- Task directions
Reproduce, without any change, the span of lines from the opening of the records below to the line containing "thumbnail image 2", inclusive.

- Given records

○ ○ ○ ○

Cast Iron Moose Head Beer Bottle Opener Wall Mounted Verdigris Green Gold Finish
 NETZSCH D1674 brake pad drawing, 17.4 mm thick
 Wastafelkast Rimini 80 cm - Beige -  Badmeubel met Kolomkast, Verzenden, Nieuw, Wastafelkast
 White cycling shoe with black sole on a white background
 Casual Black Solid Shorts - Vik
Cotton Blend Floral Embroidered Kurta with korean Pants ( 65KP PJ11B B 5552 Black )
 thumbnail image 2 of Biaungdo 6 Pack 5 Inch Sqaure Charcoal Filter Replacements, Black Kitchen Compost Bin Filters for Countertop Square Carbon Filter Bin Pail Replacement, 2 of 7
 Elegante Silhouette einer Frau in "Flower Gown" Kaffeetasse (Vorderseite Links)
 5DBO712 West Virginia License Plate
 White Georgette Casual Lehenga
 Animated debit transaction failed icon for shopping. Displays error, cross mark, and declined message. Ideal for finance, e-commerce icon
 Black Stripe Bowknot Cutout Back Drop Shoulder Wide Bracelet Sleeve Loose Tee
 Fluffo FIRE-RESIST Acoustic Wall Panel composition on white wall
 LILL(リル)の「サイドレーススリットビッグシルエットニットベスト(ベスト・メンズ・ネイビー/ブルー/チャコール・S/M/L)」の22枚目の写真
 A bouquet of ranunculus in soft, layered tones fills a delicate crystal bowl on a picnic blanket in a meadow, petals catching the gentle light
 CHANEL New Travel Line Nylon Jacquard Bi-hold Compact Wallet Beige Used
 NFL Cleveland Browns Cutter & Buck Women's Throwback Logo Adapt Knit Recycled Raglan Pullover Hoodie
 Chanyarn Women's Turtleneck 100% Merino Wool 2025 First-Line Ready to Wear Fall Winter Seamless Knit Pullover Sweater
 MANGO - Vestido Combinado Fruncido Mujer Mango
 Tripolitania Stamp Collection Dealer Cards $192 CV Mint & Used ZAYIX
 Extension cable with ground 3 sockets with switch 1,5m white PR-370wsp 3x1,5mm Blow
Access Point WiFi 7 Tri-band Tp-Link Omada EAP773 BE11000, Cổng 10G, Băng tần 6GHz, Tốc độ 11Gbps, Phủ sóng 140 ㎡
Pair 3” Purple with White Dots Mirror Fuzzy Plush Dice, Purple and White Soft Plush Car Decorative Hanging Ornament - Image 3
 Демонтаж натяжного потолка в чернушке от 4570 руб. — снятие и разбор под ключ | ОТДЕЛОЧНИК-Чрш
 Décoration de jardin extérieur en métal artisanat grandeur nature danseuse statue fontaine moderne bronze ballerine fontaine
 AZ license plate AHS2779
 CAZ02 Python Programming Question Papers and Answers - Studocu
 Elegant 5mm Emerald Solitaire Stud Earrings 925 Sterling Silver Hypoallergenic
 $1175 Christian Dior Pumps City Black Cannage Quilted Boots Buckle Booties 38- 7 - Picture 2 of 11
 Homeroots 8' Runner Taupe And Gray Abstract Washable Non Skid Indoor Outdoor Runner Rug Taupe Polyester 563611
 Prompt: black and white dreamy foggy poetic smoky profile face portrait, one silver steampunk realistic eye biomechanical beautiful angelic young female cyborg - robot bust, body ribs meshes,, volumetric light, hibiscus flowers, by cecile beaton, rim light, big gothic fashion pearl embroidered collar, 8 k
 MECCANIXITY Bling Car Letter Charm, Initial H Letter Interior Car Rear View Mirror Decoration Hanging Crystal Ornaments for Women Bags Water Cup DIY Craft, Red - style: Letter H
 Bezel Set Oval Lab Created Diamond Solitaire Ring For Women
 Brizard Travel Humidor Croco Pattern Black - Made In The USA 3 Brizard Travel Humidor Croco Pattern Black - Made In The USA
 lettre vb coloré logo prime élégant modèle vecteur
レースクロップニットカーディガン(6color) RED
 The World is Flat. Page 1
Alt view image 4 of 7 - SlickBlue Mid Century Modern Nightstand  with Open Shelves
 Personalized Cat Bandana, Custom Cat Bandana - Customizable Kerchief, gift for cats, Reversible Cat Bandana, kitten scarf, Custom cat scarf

○ ○ ○ ○

- Answer for this exercise
Cast Iron Moose Head Beer Bottle Opener Wall Mounted Verdigris Green Gold Finish
 NETZSCH D1674 brake pad drawing, 17.4 mm thick
 Wastafelkast Rimini 80 cm - Beige -  Badmeubel met Kolomkast, Verzenden, Nieuw, Wastafelkast
 White cycling shoe with black sole on a white background
 Casual Black Solid Shorts - Vik
Cotton Blend Floral Embroidered Kurta with korean Pants ( 65KP PJ11B B 5552 Black )
 thumbnail image 2 of Biaungdo 6 Pack 5 Inch Sqaure Charcoal Filter Replacements, Black Kitchen Compost Bin Filters for Countertop Square Carbon Filter Bin Pail Replacement, 2 of 7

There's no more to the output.